A day after Elise Stefanik’s strong victory over Matt Doheny in the Republican primary in the 21st Congressional District, Woolf has outlined an agenda that focuses on what his campaign is calling “Five Steps to Change Congress” in an effort to counter the “frustration so many feel about Congress.”As a major motivator for his entry into the race, the campaign statement cites “the need for citizen representatives unencumbered by the special interests in Washington, D.C. and untainted by the toxic partisanship in the U.S. House of Representatives.”
His outline makes special note of the “widespread frustration surrounding the government shutdown and reckless brinksmanship over the debt limit.”
The five steps, as listed in a statement from his campaign office, are:
· No budget, no pay for Congress – for real
· No funding for, nor use of, a taxpayer-funded gym or salon and barber shop by members of Congress on the public dime. It is unconscionable that numerous individuals in the House of Representatives took advantage of these perks during the shutdown of the government while federal employees could not get paid.
· No funding for, nor use of, taxpayer money to pay for the rent or lease of vehicles.
· No funding for, nor use of, health care “perks” that are not available to the general public. Numerous lawmakers that have voted repeatedly to repeal the Affordable Care Act have voted for themselves taxpayer-funded lifetime health care plans.
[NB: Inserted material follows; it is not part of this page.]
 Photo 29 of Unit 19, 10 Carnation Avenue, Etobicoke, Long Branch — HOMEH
· No travel under the “charter jet” loophole allowing members of Congress to use political campaign funds to upgrade a privately-funded flight to first class travel.
“Washington needs our bipartisan, cooperative spirit—we do not need more of Washington’s divisive attitudes determining how we live here,” Woolf, a filmmaker from Elizabethtown and Manhattan, is quoted as saying in the statement. “I plan to adopt these common sense reforms to demonstrate that what is fair in the North Country, like personally paying for personal benefits that we utilize, is also fair in Washington.
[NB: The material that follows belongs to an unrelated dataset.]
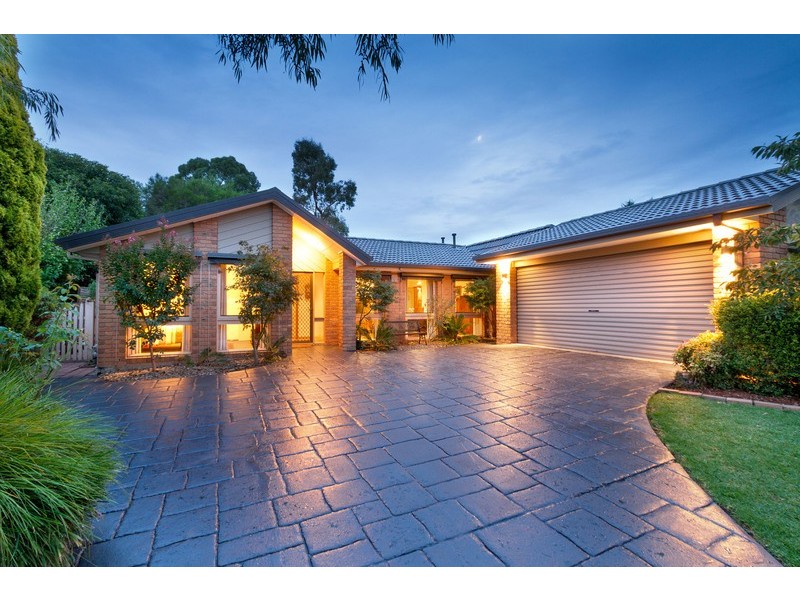 85 Blackburn Road, Mooroolbark VIC 3138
“We should be directing hard-earned taxpayer money towards creating jobs, investing in our region, and growing our economy, not for plush congressional benefits. As a Congressman, I will live by the same rules that apply to my fellow New York 21 residents.”
Woolf’s hold on the Democratic ballot line is secure, and now he knows he will be facing Stefanik in the 12 counties in the district, for the seat being relinquished by Democratic incumbent Bill Owens.
Stefanik, of Willsboro, has also won the Conservative Party line on the ballot, while her primary opponent Matt Doheny of Watertown will also be on the ballot, but only on the Independence Party line.
Also on the ballot will be Green Party baker Matt Funiciello of Glens Falls.